Tuesday, January 10, 2012

Sticks and Stones May Break my Bones

What harm can words do? Sticks and stones right? Unfortunately this old school yard aphorism only  applies to jeers, cat calls, and to the incessant taunts of ones peers after a nasty spill off the high swings. In the world that we adults occupy however, words can hurt, they can harm, and are wielded often with the intent to do both.

Luckily, or not, for us though we have laws that limit such hurtful speech, like liable laws, and laws against hate speech. The best these laws can do for us however is punish the worst examples, examples which would fit right back in the school yard. Some of the more insidious, and potentially damaging examples of speech in our society can't be legally restricted, but non-the-less needs to be checked.

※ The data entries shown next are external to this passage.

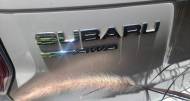 Subaru Forester 2,0L 2015 for sale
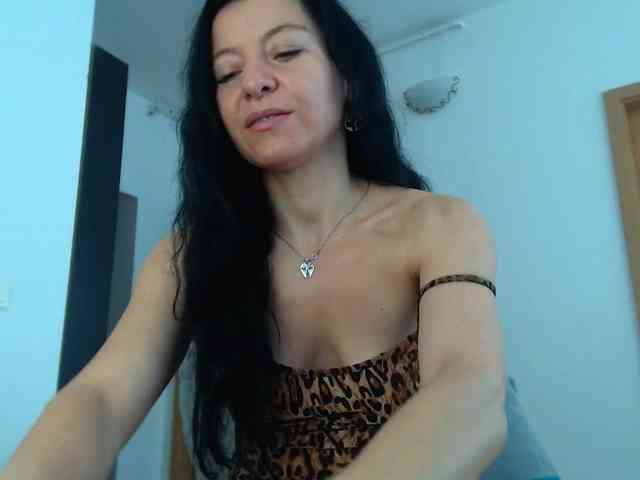 Modella: BluEyesBaby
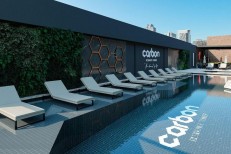 CARBON RESIDENCE TOWER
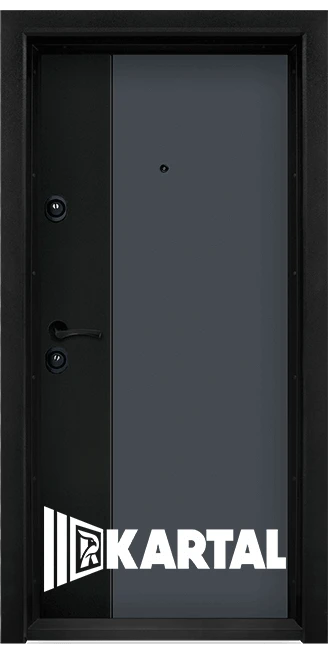 Блиндирана врата модел Т-603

Recently a perfect example of this sinister speech popped out of the mouth of Natural Resource Minister Joe Oliver,

"Get off my lawn you dirty hippies."
"Unfortunately, there are environmental and other radical groups that would seek to block this opportunity to diversify our trade... Their goal is to stop any major project no matter what the cost to Canadian families in lost jobs and economic growth. No forestry. No mining. No oil. No gas. No more hydro-electric dams... Threaten to hijack our regulatory system to achieve their radical ideological agenda," 

Nothing in what Oliver said there was even remotely illegal. Not a thing. That doesn't mean however that what he said was ethical, or correct. In what is considered civilized discourse calling the people who disagree with you radicals, and saying they want to hijack anything is generally not acceptable. Nor is trying to manipulate your audience by incurring the specter of impeding economic down turn when you can't possibly know that is the case. To put it more broadly, claiming that your opponents are all nut job misanthropes isn't proper debate strategy, and it doesn't make for a healthy Democracy. This is how words can hurt in a broader context, they damage our ability to maintain our freedom. We  cannot have freedom of speech when those in power can simply shout down dissenting opinions, when the electorate fails to take those in power to task for such flagrant abuse of language, or worse still, when the electorate is taken in by these tactics. 

If we are unwilling to do something about these verbal violations, perpetrated by those we choose to govern us, do we even deserve the freedom we have?